The stunningly-restored interior of the Latchis Theatre in Brattleboro, Vermont, host venue for the Strolling of the Heifer’s Slow Living Summit plenary sessions.

Austin Design is fortunate to be practicing architecture in a naturally beautiful and artistically-diverse area, right here in western Massachusetts and southern Vermont. Last week, Brattleboro hosted the 13th Annual 2014 edition of the Strolling of the Heifers, a Vermont event to end all homegrown New England events. If you haven’t been, you must remedy that situation next June. But the flagship parade of youthful bovines is only the most attention-getting production of this multi-faceted non-profit; it also organizes many other activities devoted to supporting the production and promotion of all things local, especially food and farms, of course, but all with an eye toward better, and fuller,  community-based living.

orly munzing slow living latchis

Strolling of the Heifers Founder and Executive Director Orly Munzing opens the first Slow Living Summit evening at the Latchis Theatre.

One of these related events is the Slow Living Summit, a series of presentations tied to community health, healing, wellness, and happiness. This year it was decided that the plenary sessions would be presented as multi-dimensional storytellings, with the primary speakers being paired with area artists to present a more holistic, mind/body effect. Strolling’s Director Orly Munzing worked with Linda McInerney, the festival’s artistic director, to put the program together. A couple of ADi’s staff attended the opening evening session on June and we are rather pleased to report that two of our clients were on the main stage at the newly restoredLatchis Theatre on lower Main Street. Erica Wheeler, a Colrain neighbor and well-known area singer-songwriter, performed several songs, with the audience contributing inspiration on the final number. Appropriately enough, Erica’s work often centers around the connections between people and places. And Dr. Samantha Eagle, of Biologic Integrative Healthcare, was paired with renowned guitarist John Sheldon and yoga instructor Lindel Hart of Shelburne Falls, for her presentation on The Well Being: Health, Healing, and Community Lifestyle Medicine.

erica wheeler colrain slow living

Erica Wheeler, Colrain-based singer-songwriter and an Austin Design client,  addresses the audience at the Slow Living opener at the Latchis.

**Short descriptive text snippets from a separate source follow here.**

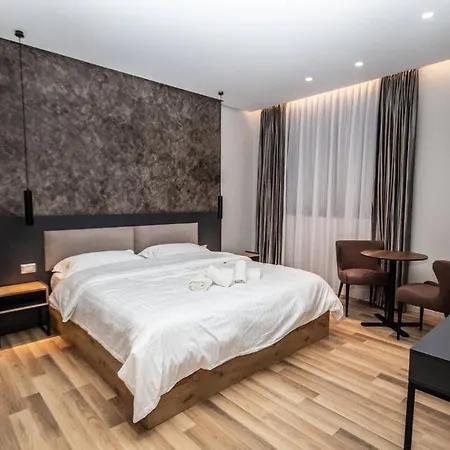 Center Boutique 3*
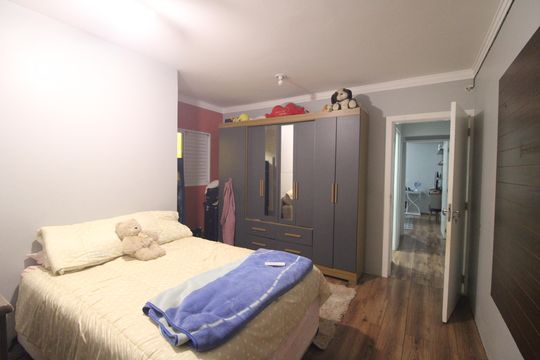 Quarto 1 de casa à venda com 2 quartos, 260m² em Sítio Cocaia, São Paulo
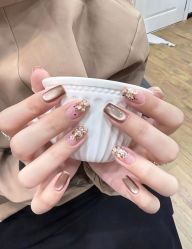 -桃色美甲沙龙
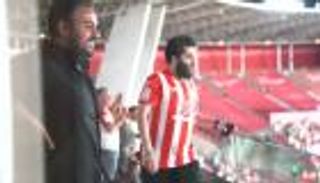 رسالة وصورة.. لاعب ريال مدريد السابق يثير غضب تركي آل الشيخ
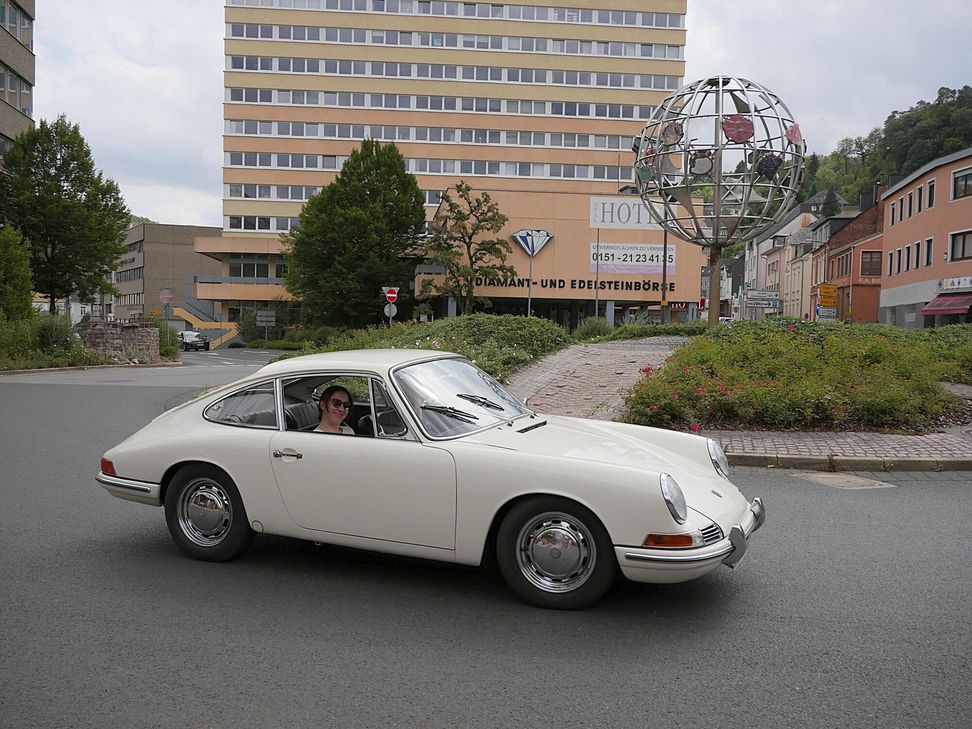 Nicht nur historische Porsche, sondern Oldtimer aller Bauarten und Baujahre werden unter dem Edelsteinkreisel zu bewundern sein.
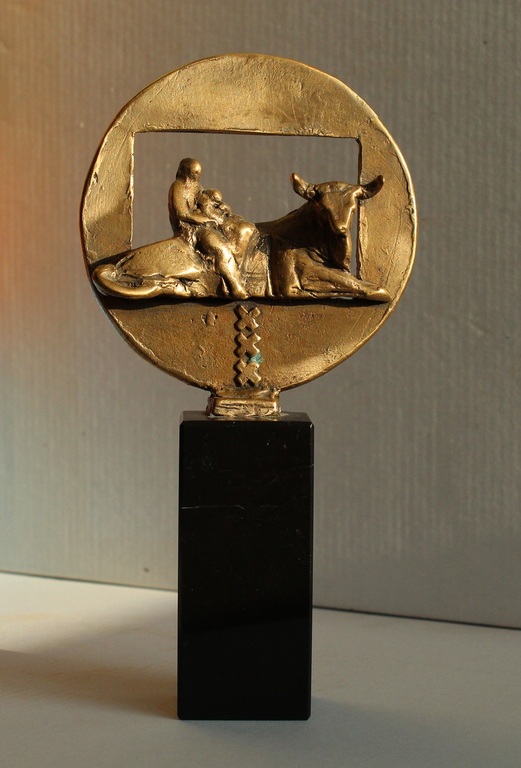 Eric Claus: Bronzen beeld, Europa en de stier verkocht voor € 395!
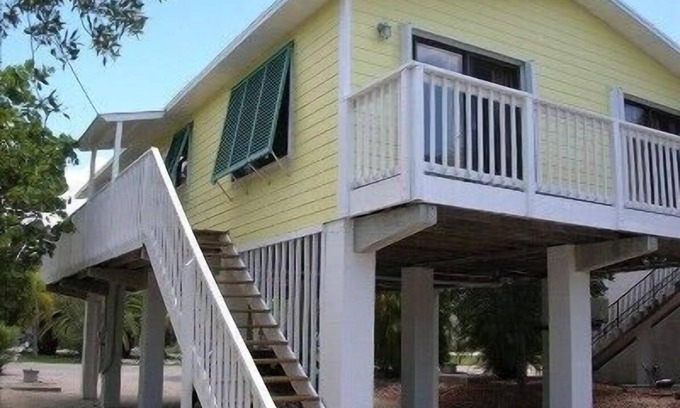 Doctor's Arm House | Big Pine Escape Fishing Paradise, Ocean-Access Canal Quiet Doctors Arm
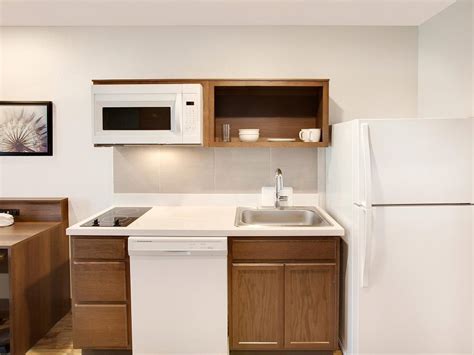 Extended Stay Hotels with Kitchens | WoodSpring Suites In-Room Kitchens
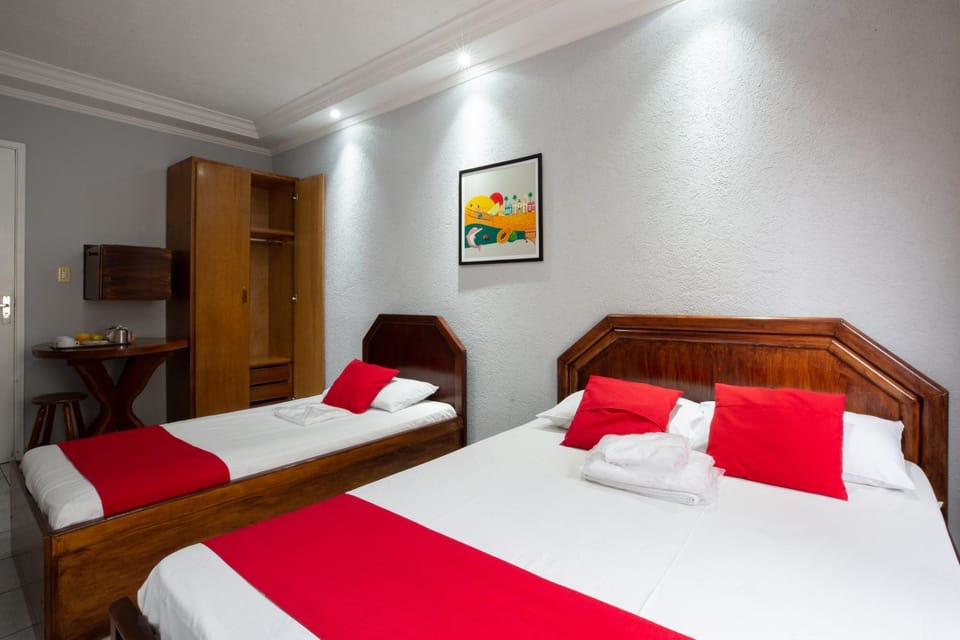 Bed, Photo of the whole room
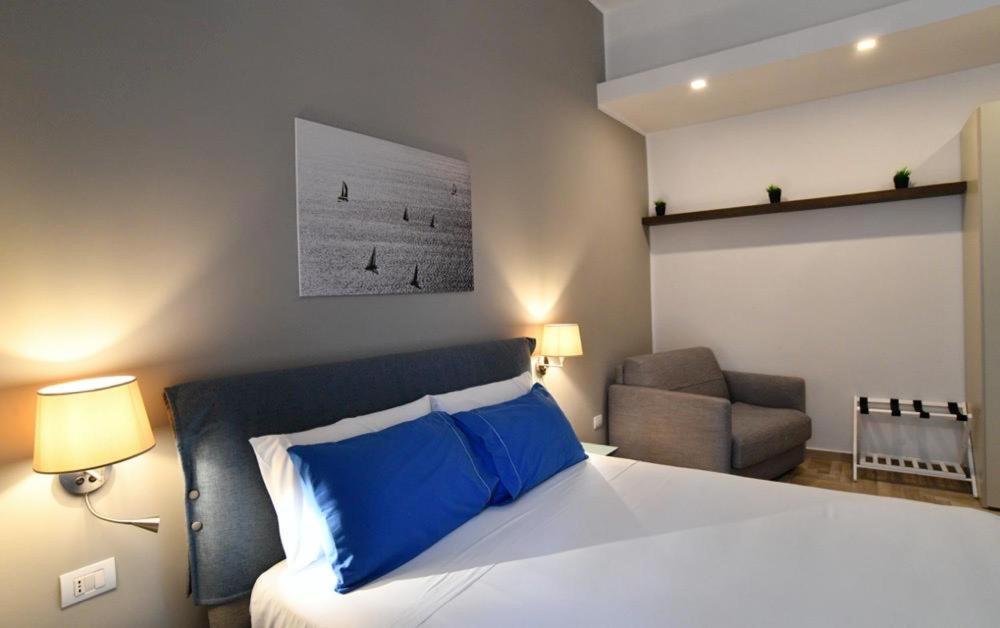 Il Picchio Di Chiaia Hotel Napoli Ngoại thất bức ảnh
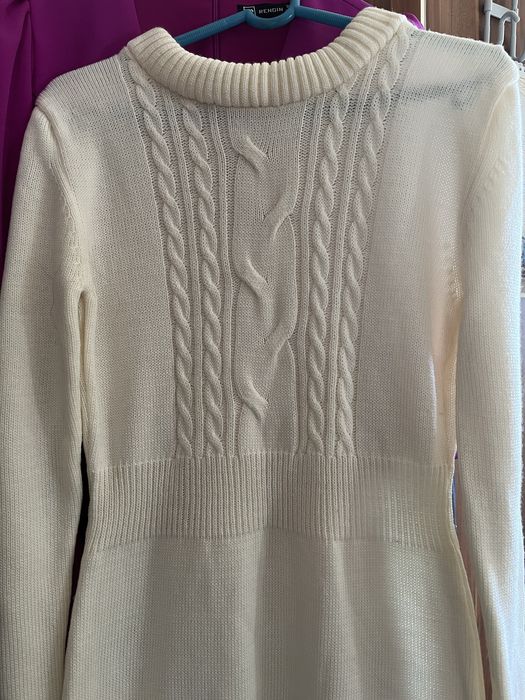 Rochie alba tricotata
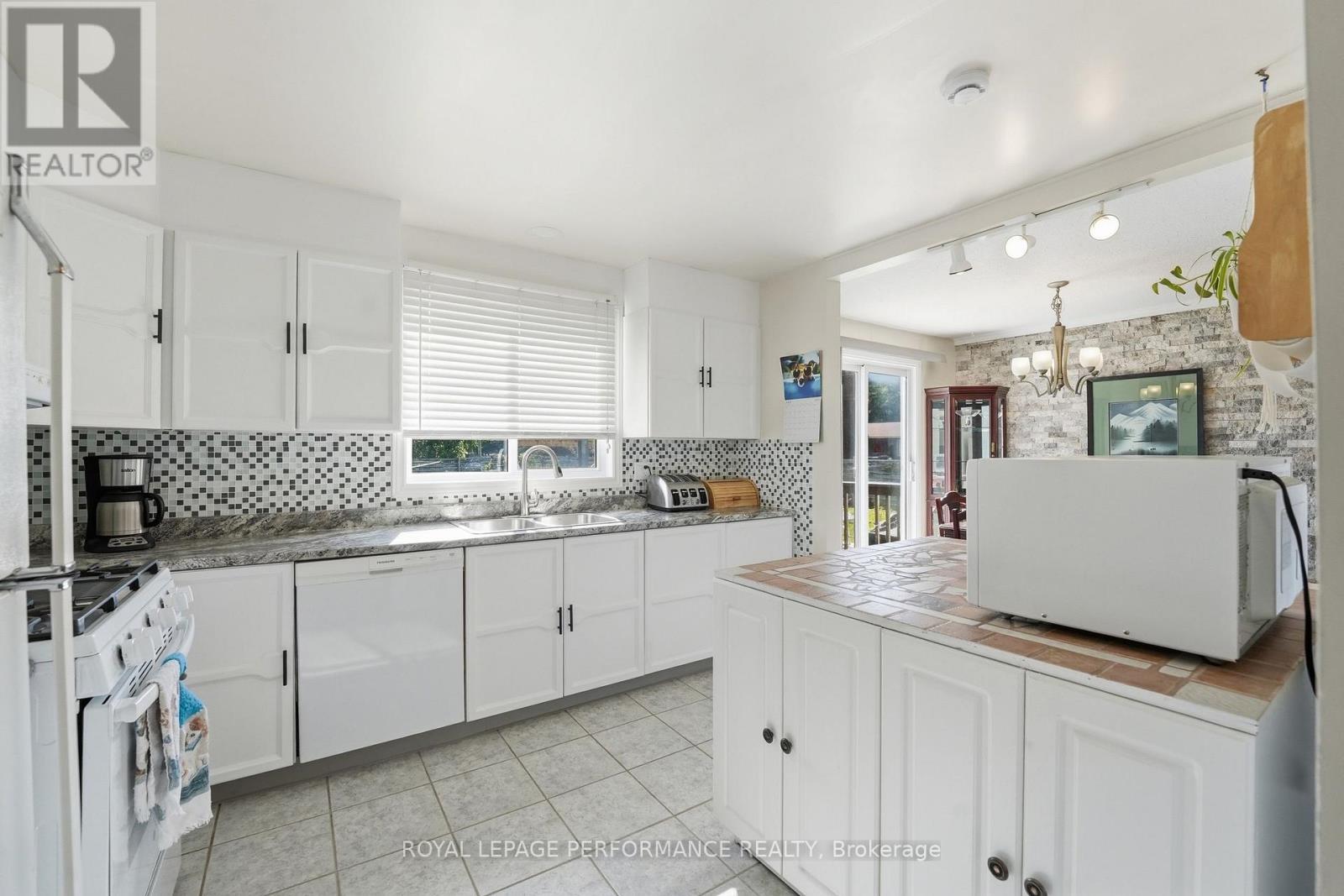 1084 Eadie Road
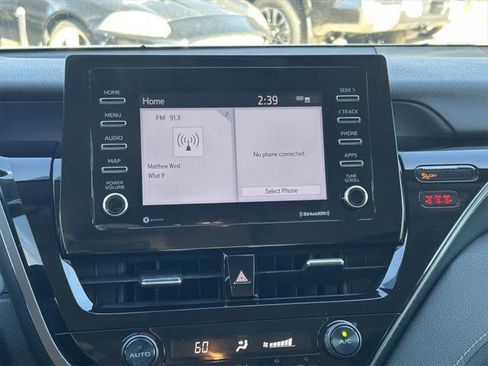 Certified 2021 Toyota Camry SE image 18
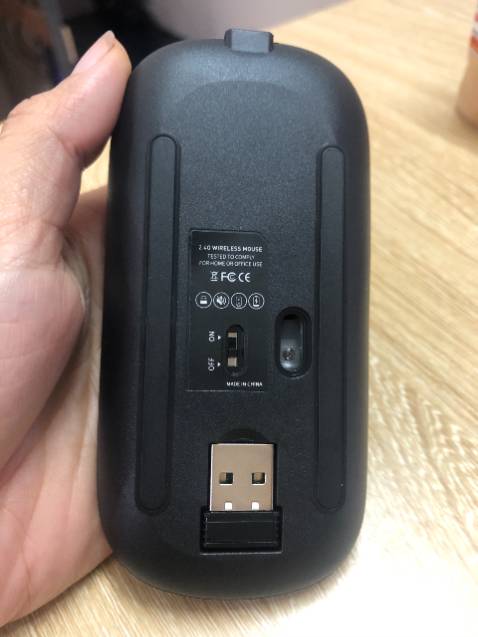 Giao hàng nhanh chóng, đóng gói kĩ.  Sản phẩm nhận được y hình chuột đầy đủ phụ kiện, đẹp, cầm rất thích  chuột chạy êm, tiếng nhỏ ko có tiếng lách tách
quá rẻ cho 1 siêu phẩm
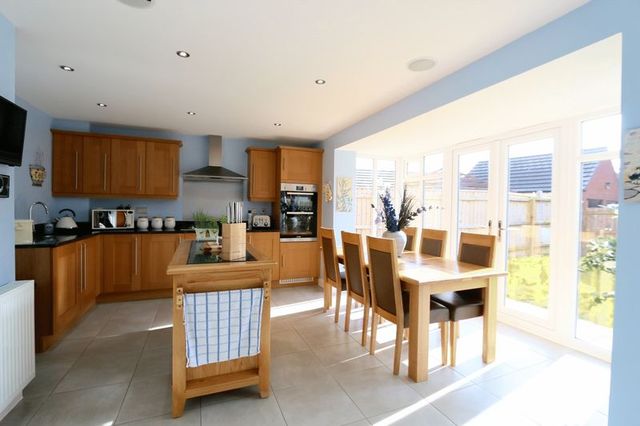  Image of 4 bedroom Detached house for sale in Ravensbury Park Kingswood Hull HU7 at Ravensbury Park  Kingswood, Hull, HU7 3FR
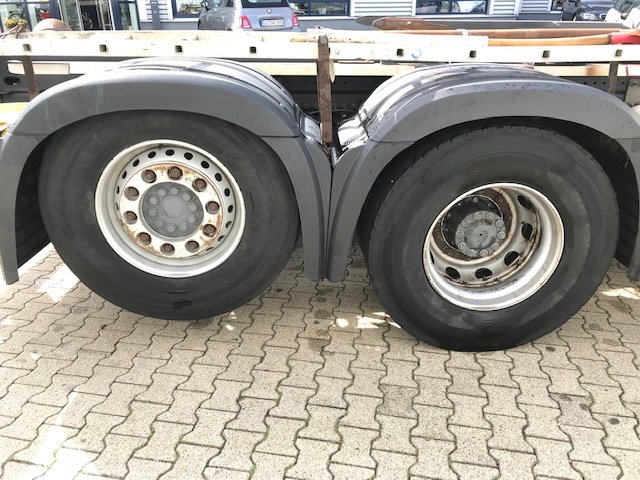 DAIMLER-BENZ Arocs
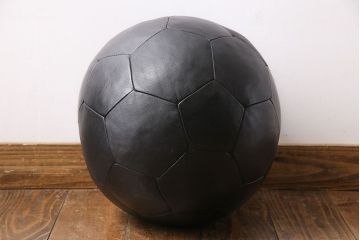 アンティーク雑貨　ビンテージ　de Sede(デセデ)　サッカーボール型　本革製クッション・ブラック(ボールクッション)(1)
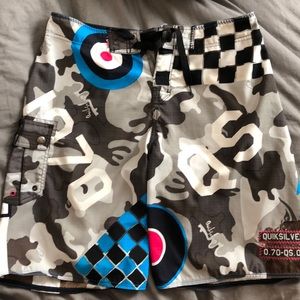 Quicksilver men’s board shorts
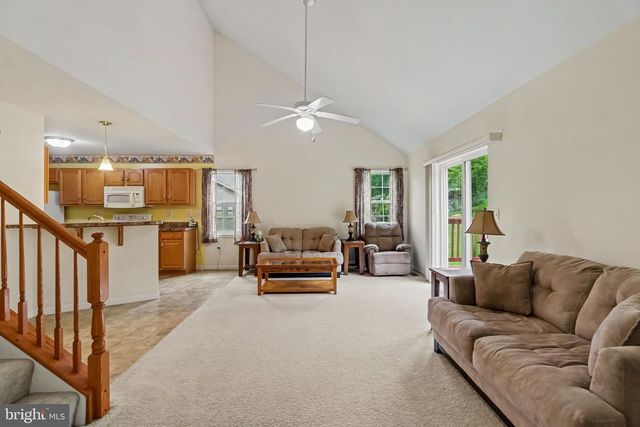 492 PRINCETON RD, Harrisburg, PA 17111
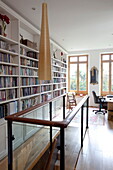 Bücherregal im Arbeitszimmer eines modernen Londoner Stadthauses, England, UK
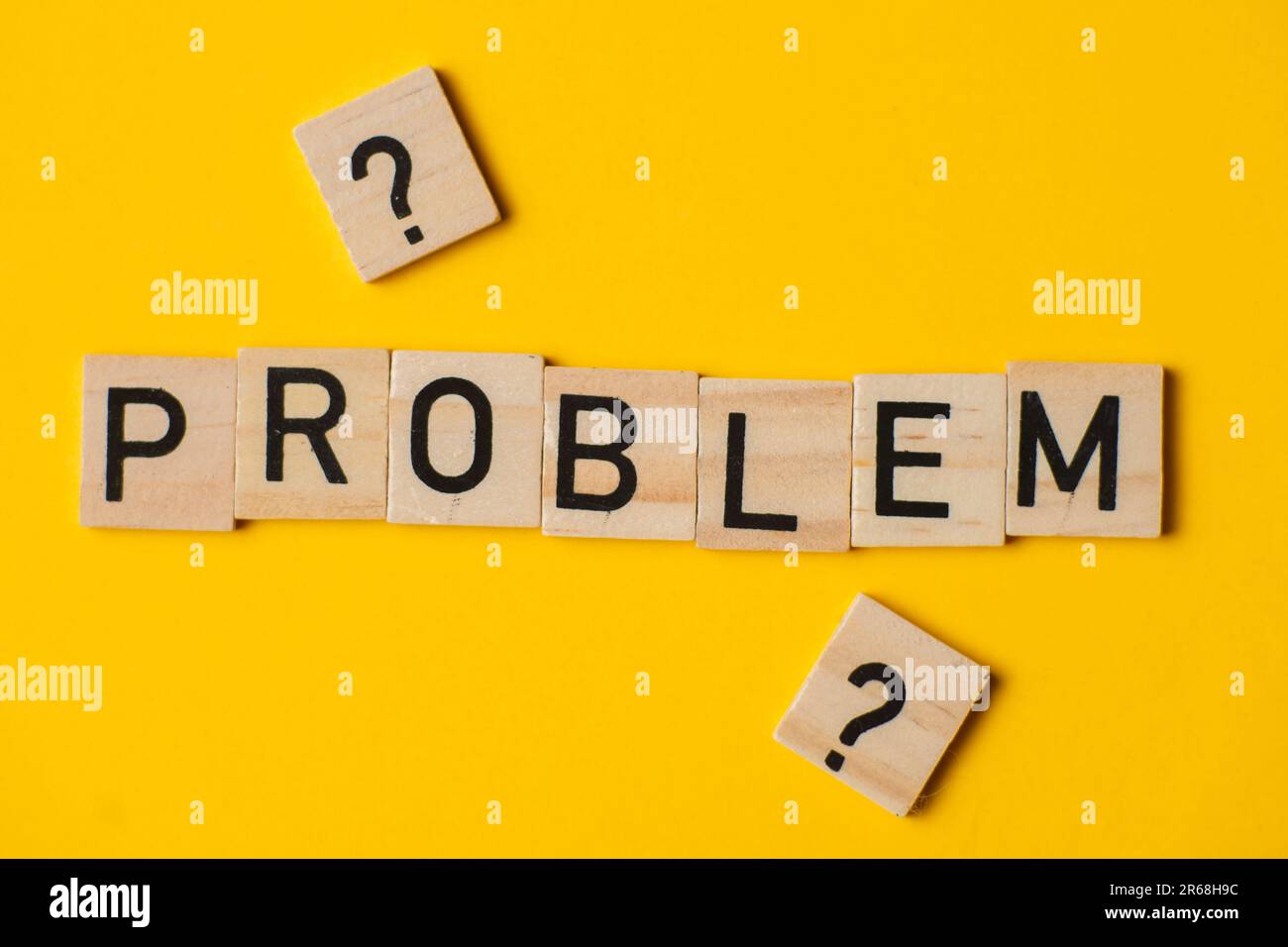 Das Wort Problem auf gelbem Hintergrund mit Fragezeichen. Der Begriff der Schwierigkeiten. Stockfoto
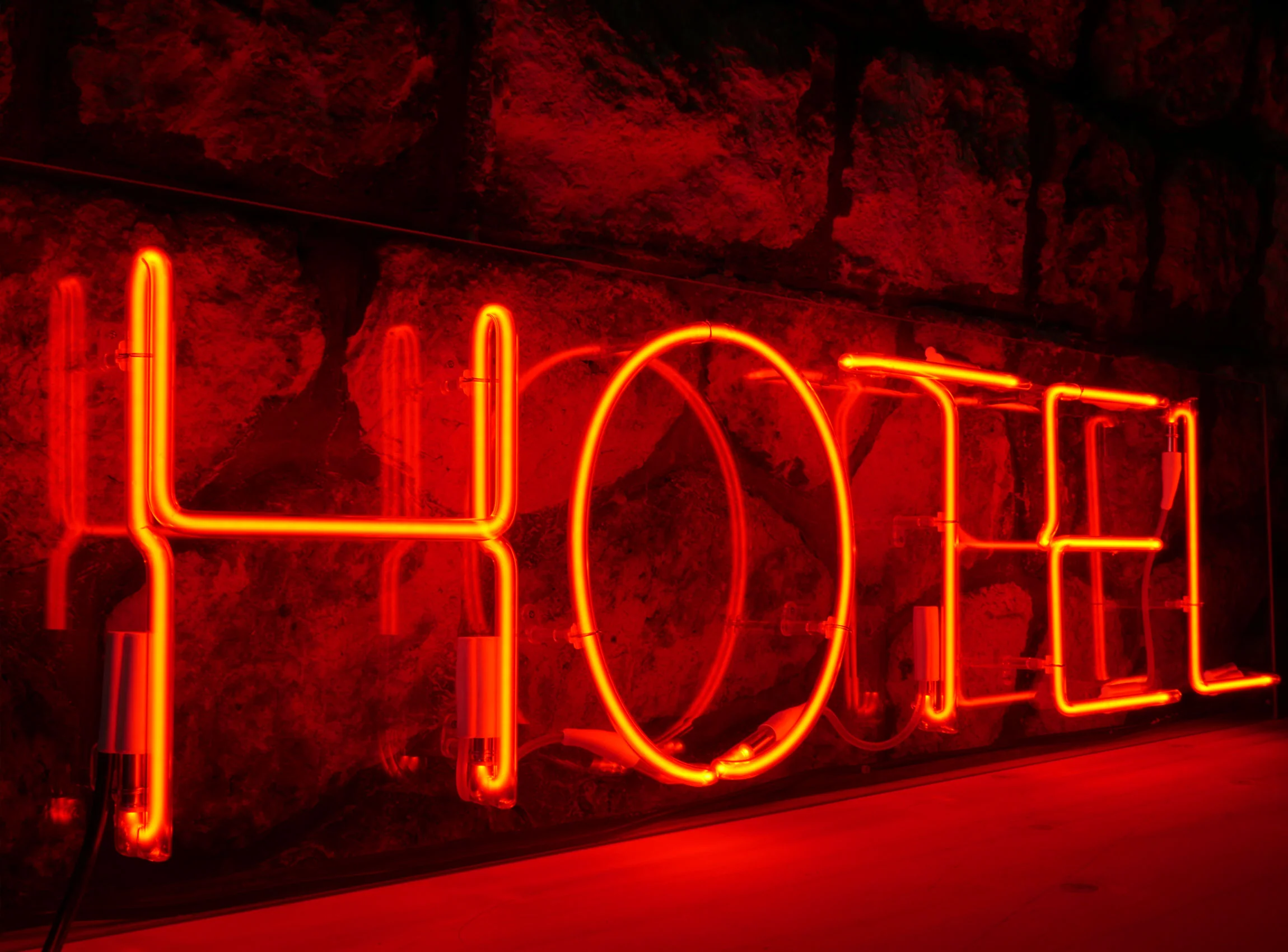 Rdv à l'hôtel ce Mercredi soir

samantha eagle biologic interagtive healthcare lindel hart slow living

Dr. Samantha Eagle, of Biologic Integrative Healthcare in Brattleboro, rehearses her presentation with Lindel Hart of Hart Yoga in Shelburne Falls, MA. Austin Design is developing the striking new headquarters for Dr. Eagle’s multi-faceted practice, to be built on Flat Street just across from the Latchis Hotel and Theater’s historic Art Deco structure. Photo by the Brattleboro Reformer.

A Slow Living approach can and should include finding a reconnection with our dwellings, our individual niches in the living landscape. An awareness of these connections is an integral part of the design and function of these most intimate places; Austin Design believes that a  fitting architecture derives from collaboration and understanding, a team approach melding knowledge, passion, and expertise resulting in “Architecture for Enjoying Life.” We’re privileged to be in a region where these values are honored and prevalent. And where they have parades for cows.